La oposición hacia las privatizaciones es harto común. Los políticos evitan el tema por prejuicios electorales y quienes lo hacen, que no son muchos, intentan convencer de que no son privatizaciones, apenas concesiones que no afectan la soberanía nacional. De hecho, en las privatizaciones se pierden derechos de propiedad; en las concesiones, empero, los derechos sobre la propiedad permanecen incólumes mientras el concesionario hace uso de algún bien o explota un servicio por un determinado periodo de tiempo a cambio de un pago preestablecido.

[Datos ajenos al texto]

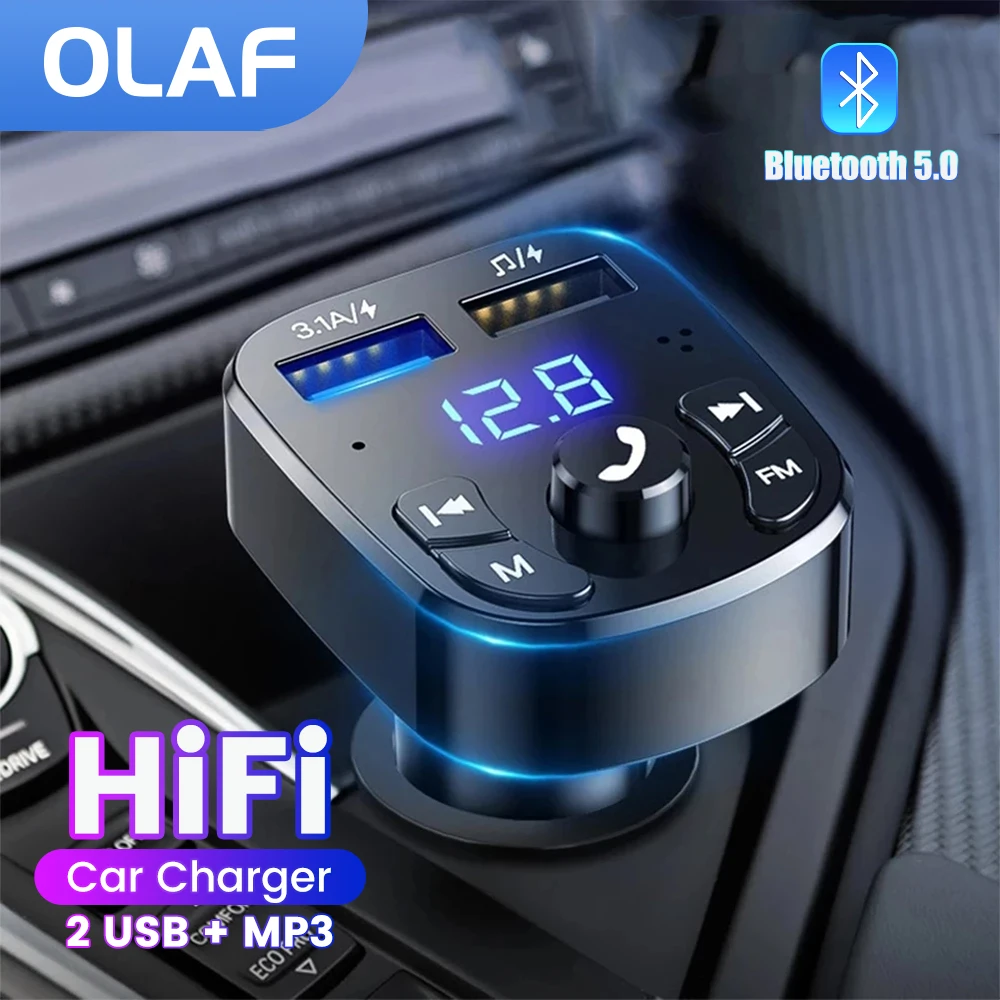 OLAF voiture Bluetooth 5.0 lecteur de musique transmetteur FM double Port USB chargeur de voiture récepteur MP3 3.1A chargeur rapide récepteur Audio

La mayoría de aquellos contrarios a las privatizaciones posiblemente depende del Estado para cumplir con la educación de sus hijos y responder por la salud familiar. Sin embargo, ¿estaría opuesta a que sus hijos estudien en planteles privados y que sus familias tuviesen planes privados de salud? Probablemente no. A falta de un razonamiento válido la excusa es que, en cuanto a los recursos del país, no; en términos de servicios, sí a las privatizaciones. Esa carencia de sindéresis es una marca indeleble de un tercermundismo sin treguas.
El Estado, más allá de una empoderada -no coyuntural- corrupción casa adentro, es poco o nada productivo en el manejo de la cosa pública; la eficiencia requiere que sus recursos produzcan sin estar a merced y discreción de los políticos de turno. Satanizar lo que quizás se desconozca, pero funciona, equivaldría a invocar aquello conocido y que no funciona, mismo sin haber jamás recibido rédito alguno de ese Estado. ¡Insólitamente absurdo!